= A Few Words About Breasts =

May 1972 essay by Nora Ephron

"A Few Words About Breasts" is an essay by the American writer Nora Ephron that appeared in the May 1972 issue of Esquire. Written at the height of the second-wave feminist movement, the essay humorously explores body image and the psychological effects of being small-breasted. Numerous writers have suggested that "A Few Words About Breasts" functions as a sort of origin story for Ephron's career as a humorist.

== Publication history ==
"A Few Words About Breasts" was originally published in Esquire on May 1, 1972. It later appeared in Ephron's 1975 essay collection Crazy Salad and was reprinted in The 50 Funniest American Writers, a 2011 anthology published by the Library of America.

== Reception ==
In a 2012 interview, Ephron referred to the essay as a turning point in her career, noting that "you could look at the careers of many women writers and see that moment where they did 'the shocking thing'," offering Lillian Hellman's 1934 play The Children's Hour and Gloria Steinem's 1963 article "A Bunny's Tale" as examples. One of the shocking elements of Ephron's essay was its use of the word "shit"; the editors of Esquire asked Ephron to alter the phrase, citing the magazine's policy of banning four-letter words but Ephron threatened to withdraw the piece and the editors relented.

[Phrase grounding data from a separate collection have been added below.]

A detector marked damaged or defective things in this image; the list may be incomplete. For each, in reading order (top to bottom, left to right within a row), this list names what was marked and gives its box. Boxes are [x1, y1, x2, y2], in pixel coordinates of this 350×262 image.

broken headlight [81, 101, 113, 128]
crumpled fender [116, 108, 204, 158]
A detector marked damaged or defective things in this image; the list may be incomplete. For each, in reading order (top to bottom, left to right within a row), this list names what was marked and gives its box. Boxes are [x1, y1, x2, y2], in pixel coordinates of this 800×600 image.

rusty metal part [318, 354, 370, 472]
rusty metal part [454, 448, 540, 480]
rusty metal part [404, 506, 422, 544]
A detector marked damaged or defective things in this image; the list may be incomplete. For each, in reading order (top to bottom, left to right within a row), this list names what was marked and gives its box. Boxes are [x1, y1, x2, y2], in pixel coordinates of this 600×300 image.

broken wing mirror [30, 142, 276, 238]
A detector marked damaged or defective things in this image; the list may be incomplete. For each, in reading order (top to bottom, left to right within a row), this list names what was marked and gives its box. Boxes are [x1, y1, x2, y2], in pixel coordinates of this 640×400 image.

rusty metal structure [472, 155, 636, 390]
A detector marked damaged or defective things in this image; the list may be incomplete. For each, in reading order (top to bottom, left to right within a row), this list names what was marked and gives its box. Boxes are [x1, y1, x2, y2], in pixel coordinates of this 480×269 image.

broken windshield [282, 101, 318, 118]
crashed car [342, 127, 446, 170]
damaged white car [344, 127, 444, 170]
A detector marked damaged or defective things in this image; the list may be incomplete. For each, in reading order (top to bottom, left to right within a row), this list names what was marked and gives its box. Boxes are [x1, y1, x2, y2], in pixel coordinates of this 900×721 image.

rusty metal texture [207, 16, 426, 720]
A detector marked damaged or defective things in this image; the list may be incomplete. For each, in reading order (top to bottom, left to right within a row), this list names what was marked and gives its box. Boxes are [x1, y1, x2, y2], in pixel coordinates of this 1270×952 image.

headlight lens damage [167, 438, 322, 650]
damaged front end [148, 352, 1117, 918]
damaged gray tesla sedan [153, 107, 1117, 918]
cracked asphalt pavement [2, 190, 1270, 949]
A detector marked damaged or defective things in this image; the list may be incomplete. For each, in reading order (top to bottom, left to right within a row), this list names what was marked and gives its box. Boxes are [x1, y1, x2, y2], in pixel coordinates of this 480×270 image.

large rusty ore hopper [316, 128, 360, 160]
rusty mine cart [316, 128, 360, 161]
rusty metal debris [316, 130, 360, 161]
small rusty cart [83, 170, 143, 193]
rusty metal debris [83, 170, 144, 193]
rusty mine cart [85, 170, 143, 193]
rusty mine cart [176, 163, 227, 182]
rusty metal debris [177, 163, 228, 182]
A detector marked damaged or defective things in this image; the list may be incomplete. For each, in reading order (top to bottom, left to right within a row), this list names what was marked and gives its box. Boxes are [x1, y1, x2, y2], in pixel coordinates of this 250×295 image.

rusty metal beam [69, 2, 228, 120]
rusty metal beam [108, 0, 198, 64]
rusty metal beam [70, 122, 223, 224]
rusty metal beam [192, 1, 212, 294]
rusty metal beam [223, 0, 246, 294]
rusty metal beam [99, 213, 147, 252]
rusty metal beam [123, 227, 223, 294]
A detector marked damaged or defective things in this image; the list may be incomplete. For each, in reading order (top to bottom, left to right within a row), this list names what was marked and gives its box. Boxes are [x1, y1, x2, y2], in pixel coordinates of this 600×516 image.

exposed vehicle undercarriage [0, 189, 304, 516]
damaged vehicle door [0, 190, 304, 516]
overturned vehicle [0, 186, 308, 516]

Ephron was unsure whether the essay would "be a huge success or be judged as a kind of 'Who needs to know any of this?' kind of thing", and upon publication it prompted an enormous amount of reader response, making Ephron "both famous and infamous". The prominent Conservative rabbi Arthur Hertzberg wrote to Esquire suggesting that Ephron return "to Beverly Hills High School where you will write on the blackboard one hundred times 'It is better to be a lady than to kiss and tell'," and in 1975 Ephron said, "I still get these endless letters saying, 'You're wrong, you're wrong.

In 2012 The New York Times referred to it as "one of Ms. Ephron's most memorable essays". In 2016 The Daily Beast declared it "the perfect personal essay". Ephron's friend and biographer Richard Cohen wrote that the essay "has been widely misread since 1972 as a self-deprecating trifle....But as in Heartburn, her novel that was to follow, the humor camouflaged considerable anger." In 2012, the critic Wesley Morris framed "A Few Words About Breasts" as a feminist cultural critique disguised as a comic essay, praising Ephron's use of observation, self-deprecation, and hyperbole. "Ephron was often struggling to reconcile a woman's body being this intersection of personal, public, and political space," Morris wrote, adding, "Small breasts forced Ephron to think about what her other options were as a woman".

Numerous writers have suggested that "A Few Words About Breasts" functions as a sort of origin story for Ephron's career as a humorist. In The New Yorker, Ariel Levy speculated that "If Nora Ephron had been born buxom....Harry might never have met Sally," and the comedian Jessi Klein has said, "I relate to pretty much every word of [the essay]....There is something about the struggle of having to get male attention without breasts that I think made me funnier".